Characterization of Regression Rate and Combustion Process in a High-Pressure 2D Hybrid Rocket Engine with Optical Access

Kurzfassung

A new slab combustion chamber employing hydrogen peroxide (H2O2) and hydroxyl-terminated polybutadiene (HTPB) was designed and commissioned by the German Aerospace Center (DLR), Institute for Aerodynamics and Flow Technology in Braunschweig at the DLR site Trauen. The combustion chamber has four helium-cooled quartz glass windows, which provide an insight into the combustion process above the fuel slab and enable its characterization with optical measurement techniques.

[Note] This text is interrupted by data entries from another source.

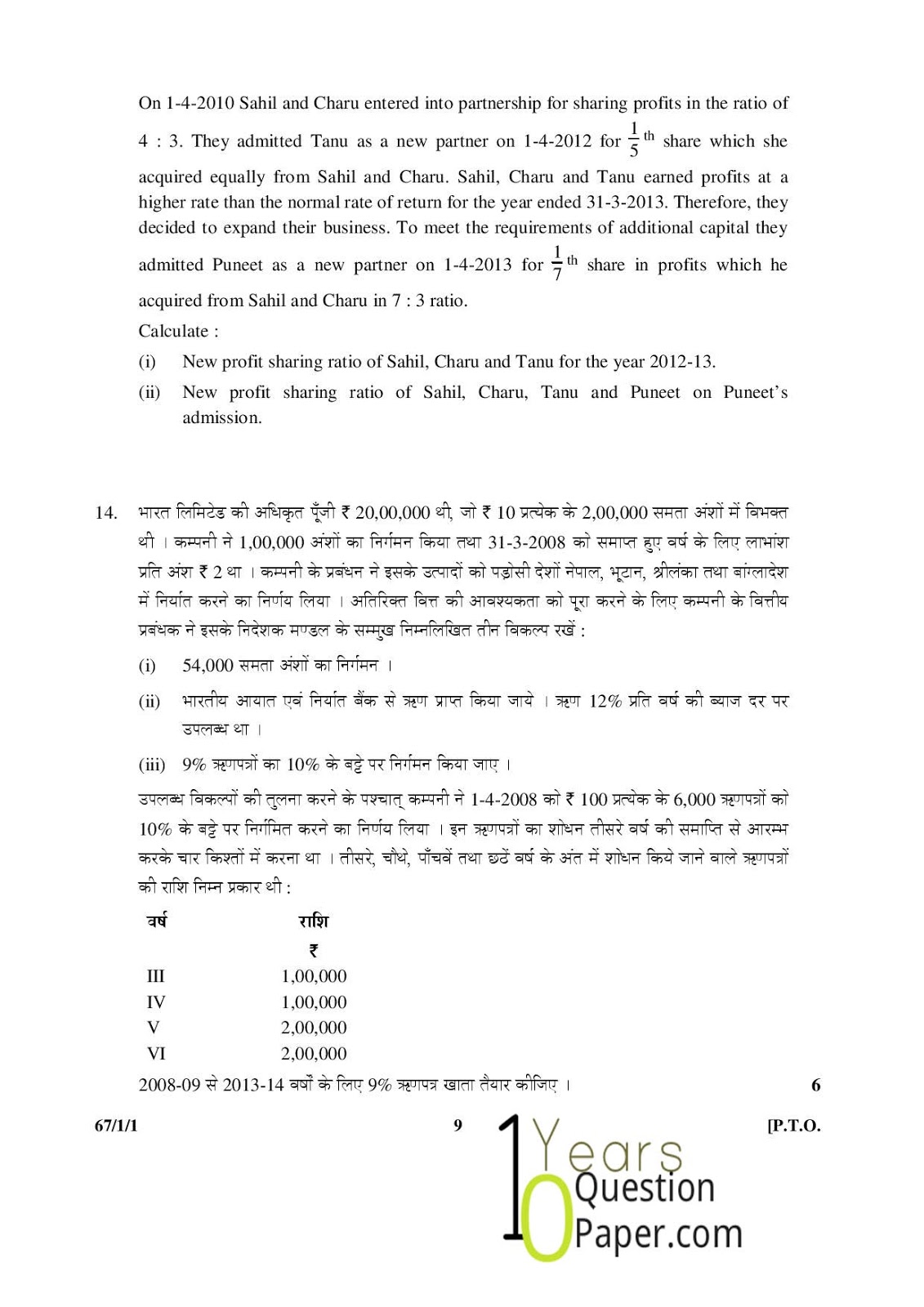 cbse class 12th 2015 board Accountancy question paper set-1 cbse class 12th 2015 Accountancy question paper
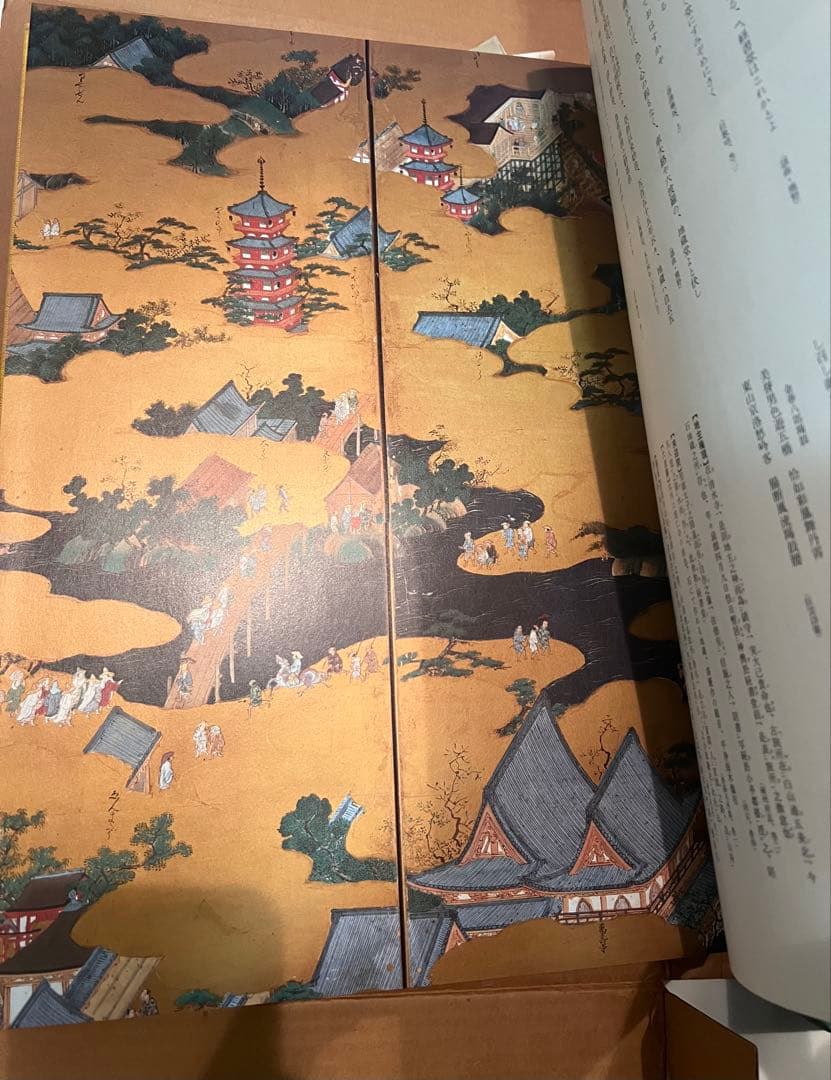 標注　洛中洛外屏風　上杉本　1983年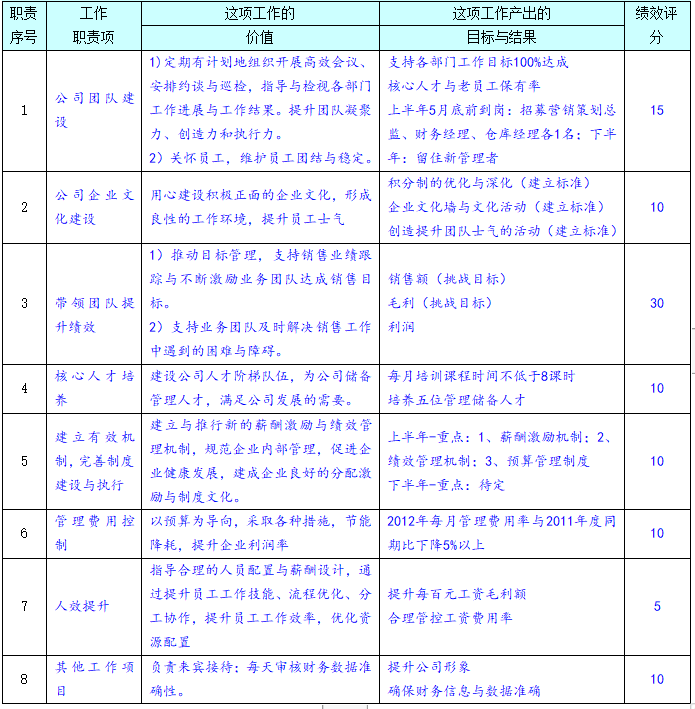 公司绩效考核问题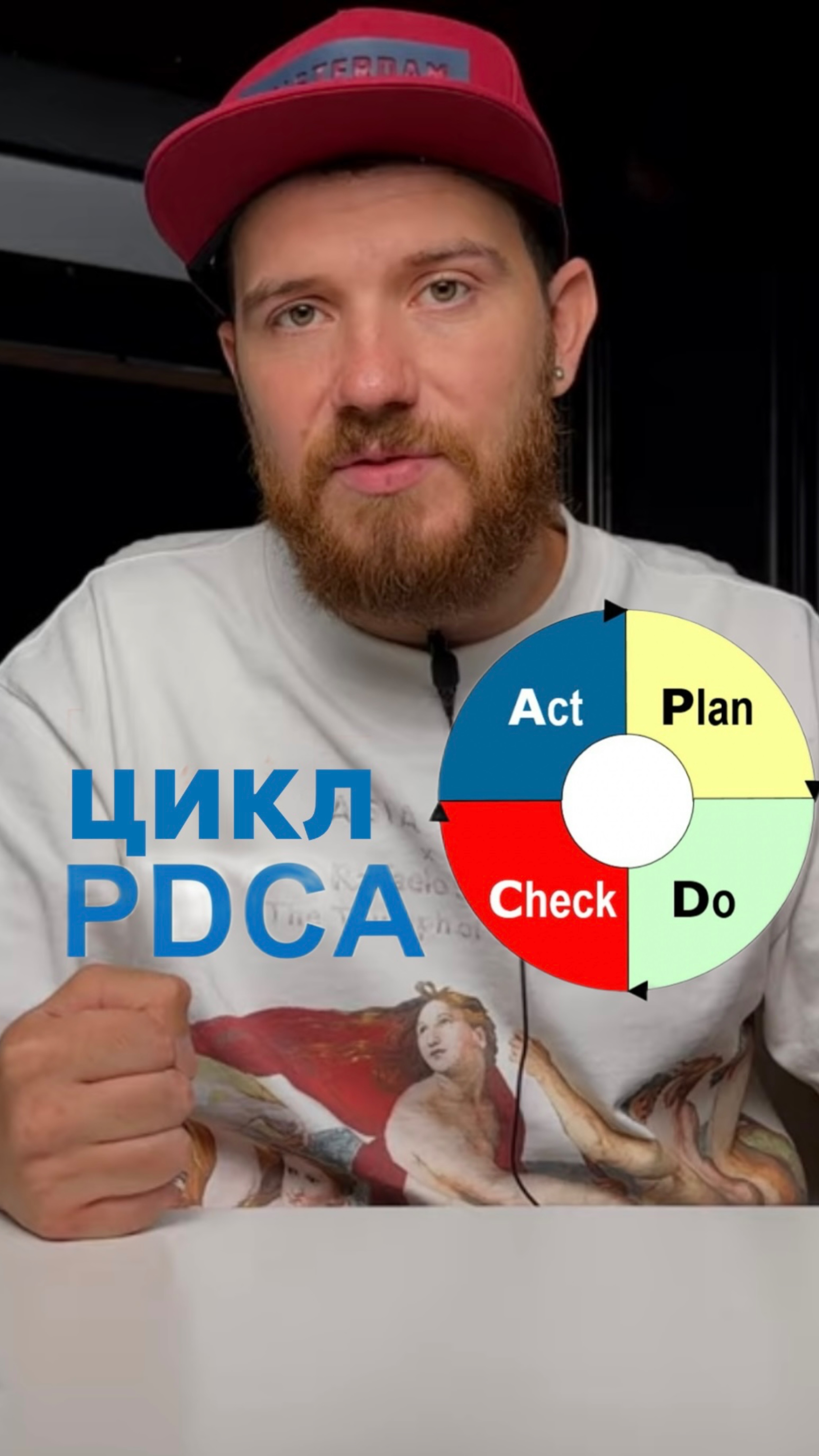 PDCA: Цикл непрерывного совершенствования для вашего бизнеса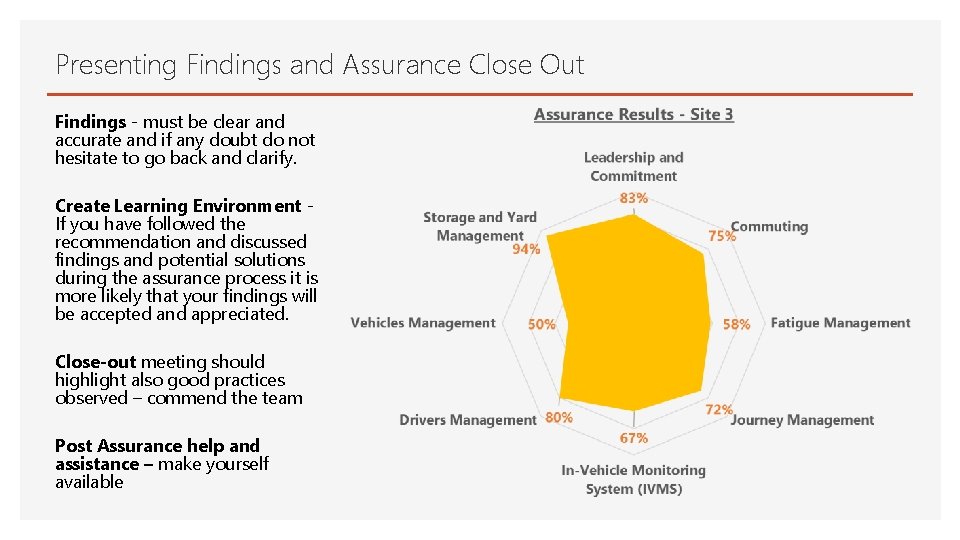 Presenting Findings and Assurance Close Out Findings - must be clear and accurate and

The experiment allows studying the combustion process at pressures of up to 25 bars and oxidizer mass flows of up to 200 g/s. A H2O2 catalyst chamber, which delivers a mixture of hot water steam and oxygen, enables self-ignition without an additional igniter system. The regression rate during the test runs is measured with two ultrasonic probes and other methods. During the experiments a highspeed camera, a two-color pyrometer and infrared temperature measurements were also used. Three different fuel formulations based on HTPB with HDPE and PA6 polymeric particles at various chamber pressures and oxidizer mass flows have been examined. The preliminary results of the measured ignition times indicate a strong pressure dependency. Patterns on the fuel slab surfaces and images of the combustion process suggest a highly turbulent boundary layer flow. The regression rate seems to mainly depend on the oxidizer mass flow through the chamber with similar mass flow inclines for the HTPB and PA6 fuel formulations. In contrast the results for the HDPE formulation indicate a stronger incline at pressures of 15 bars, which might be caused by pre-test heat-up procedures.